Everything from the line containing "CCINPPY Letter Necklace, 14k" through the final line below must be output exactly, both ends included, with nothing else and no pictures.

:: Material provided ::
○ ○ ○ ○
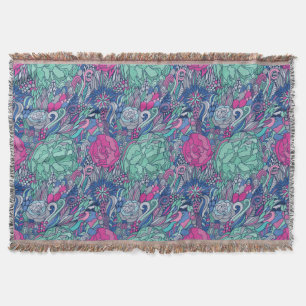 Colourful Floral Doodle Pattern Throw Blanket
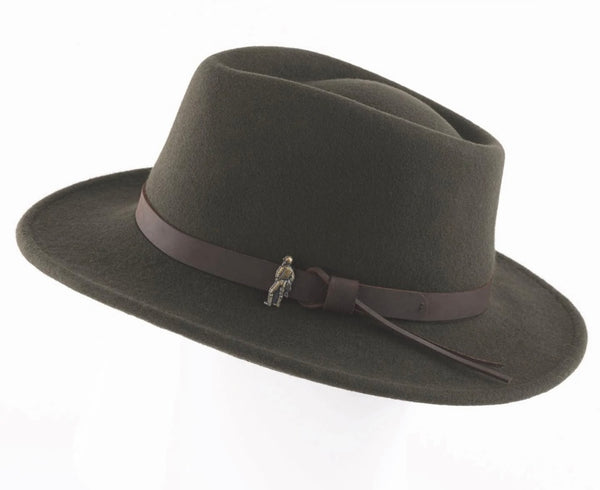 Unisex Boston Wool Felt Hat - Olive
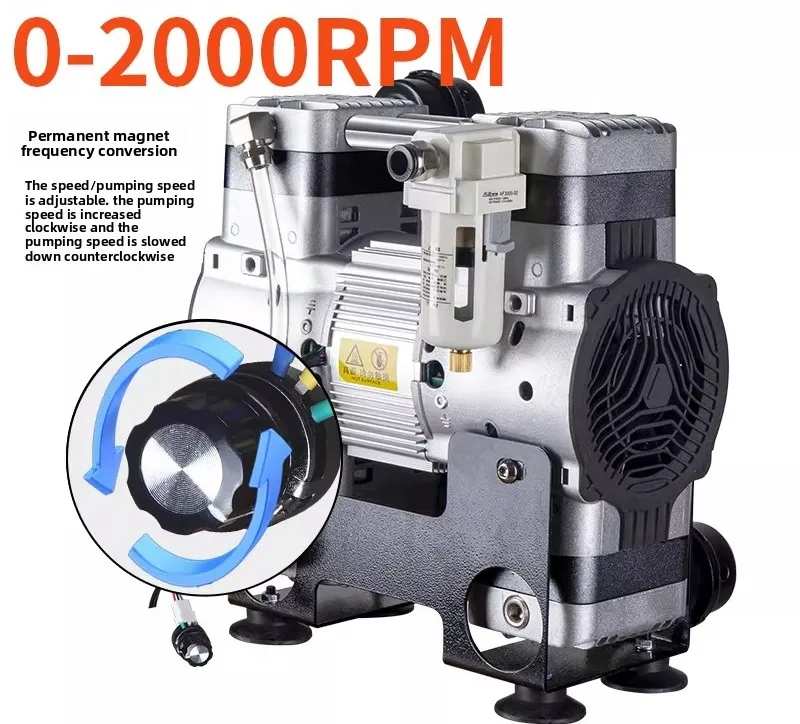 Frequency Conversion Oil-free Silent Vacuum Pump, Laboratory Air Pump, Industrial Negative Pressure Pump  Vacuum Machine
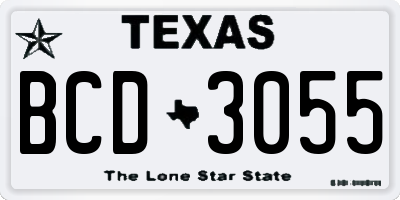 TX license plate BCD3055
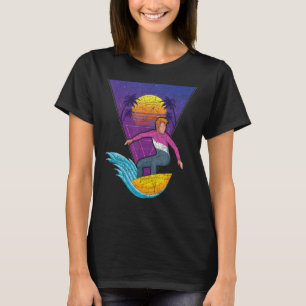 Camiseta Ondas Surfboard Surfiam Palmeiras Tropicais Vaporw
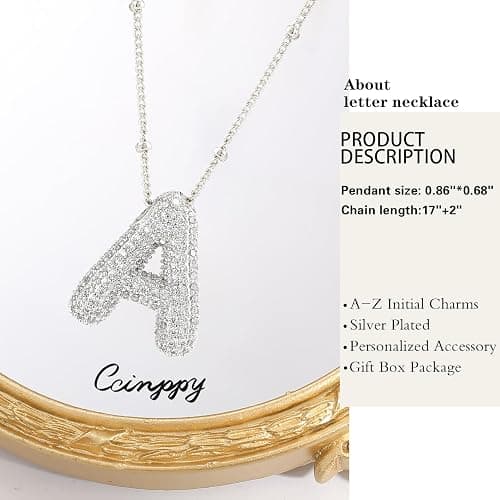 CCINPPY Letter Necklace, 14k Gold Plated Bubble Balloon Dainty Necklace for Women, Chunky Initial Charm Pendant Name Necklace Personalized thumbnail 5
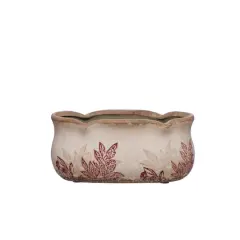 7.25" Burgundy & Cream Floral Cracked Ceramic Planter by Ashland&reg;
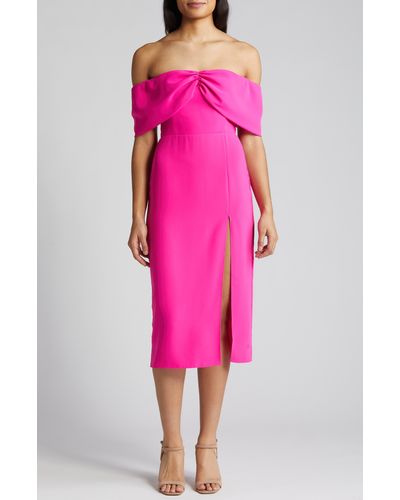 Amanda Uprichard Darien Off The Shoulder Cocktail Dress - Pink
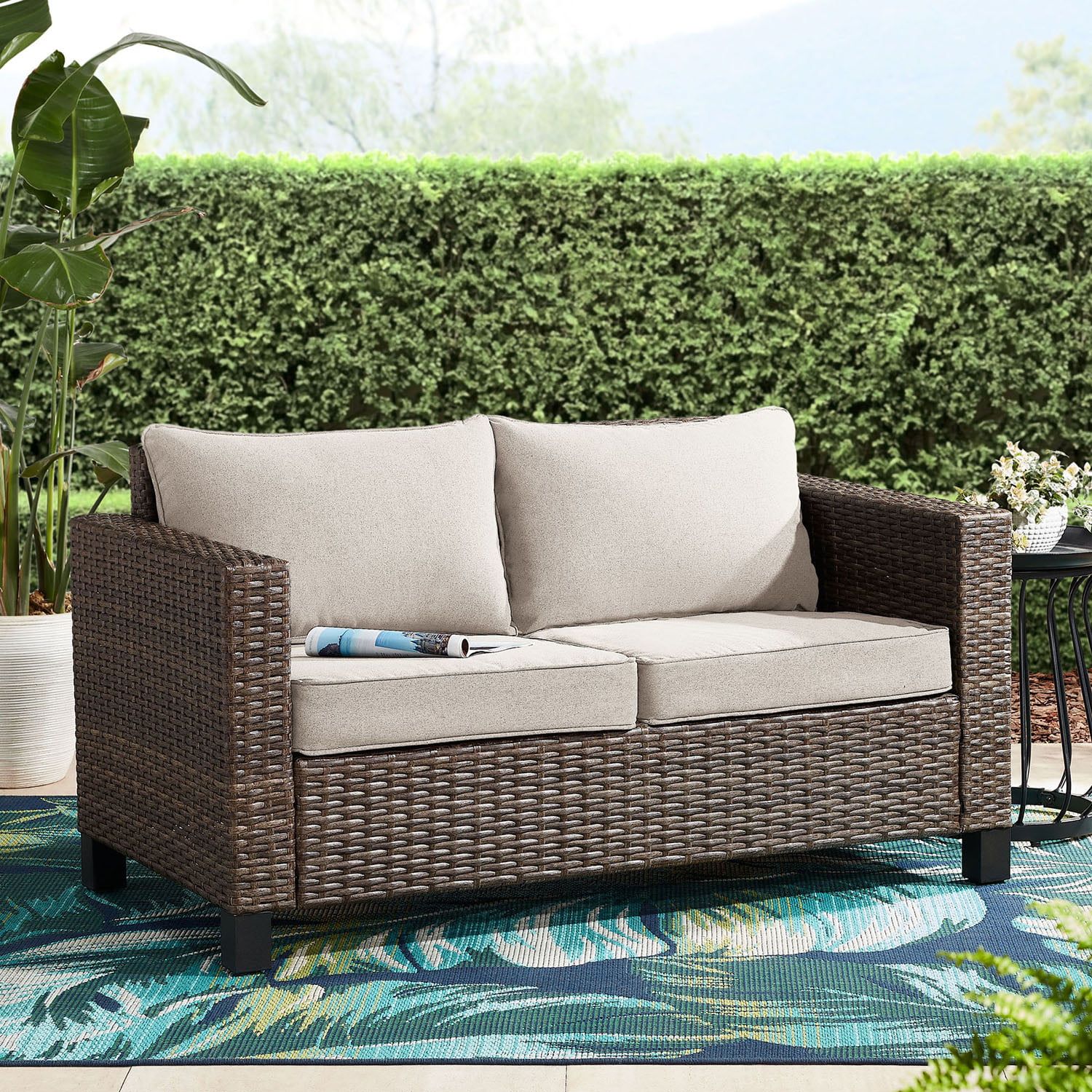 Better Homes & Gardens Brookbury Outdoor Porch Loveseat- Beige Polyester Cushions | Walmart (US)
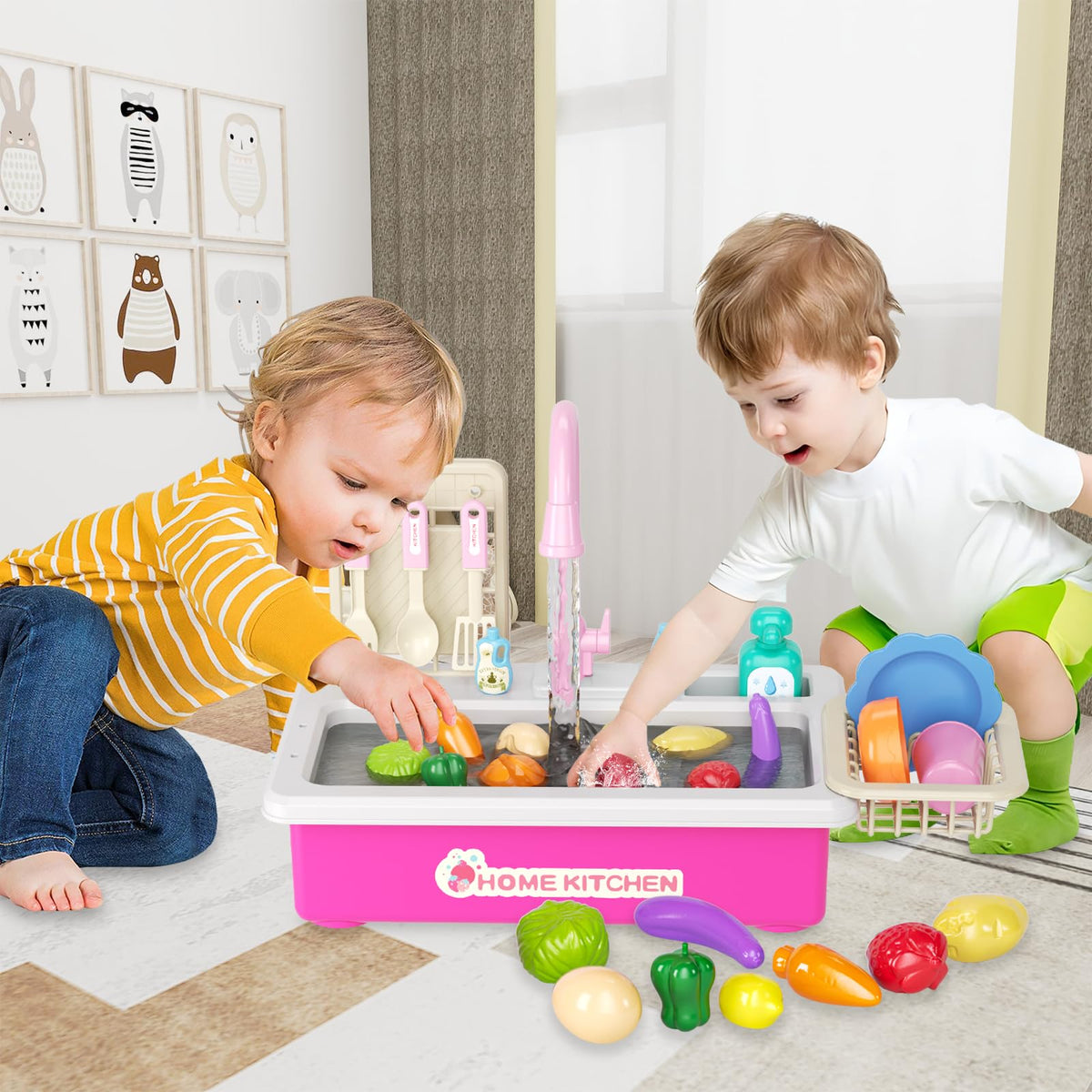 Doloowee pink upgraded faucet adds realistic pretend play and learning through exploration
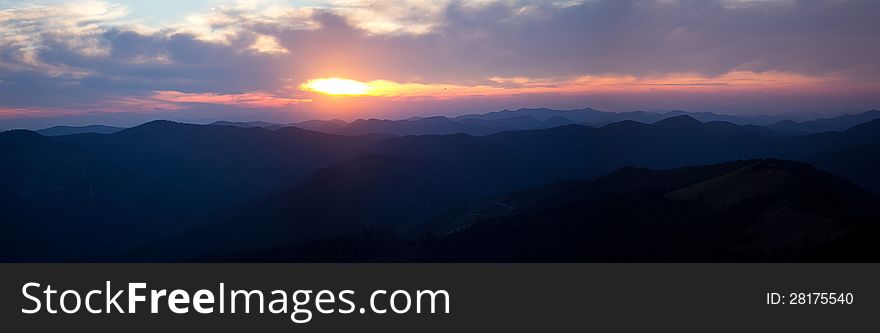 Panorama Of Sunset In Mountains.Karpati.Ukraine.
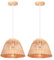 LIGKIN 2 Stück Pendelleuchte Bambus Weben Kronleuchter Rattan Boho Style Bambus Ø25cm Lampenschirm Vintage Deckenlampe Dekoration Deckenleuchte für Restaurant Küche Wohnzimmer Café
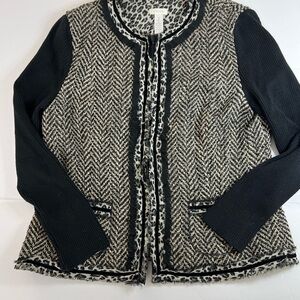 Chico’s Black and Cream Women's Sweater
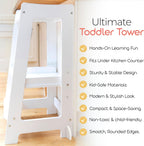 Toddler Tower 3-Level Adjustable Wooden Step Stool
○ ○ ○ ○
:: Result for this exercise ::
 CCINPPY Letter Necklace, 14k Gold Plated Bubble Balloon Dainty Necklace for Women, Chunky Initial Charm Pendant Name Necklace Personalized thumbnail 5
 7.25" Burgundy & Cream Floral Cracked Ceramic Planter by Ashland&reg;
 Amanda Uprichard Darien Off The Shoulder Cocktail Dress - Pink
 Better Homes & Gardens Brookbury Outdoor Porch Loveseat- Beige Polyester Cushions | Walmart (US)
 Doloowee pink upgraded faucet adds realistic pretend play and learning through exploration
 Panorama Of Sunset In Mountains.Karpati.Ukraine.
 LIGKIN 2 Stück Pendelleuchte Bambus Weben Kronleuchter Rattan Boho Style Bambus Ø25cm Lampenschirm Vintage Deckenlampe Dekoration Deckenleuchte für Restaurant Küche Wohnzimmer Café
 Chico’s Black and Cream Women's Sweater
 Toddler Tower 3-Level Adjustable Wooden Step Stool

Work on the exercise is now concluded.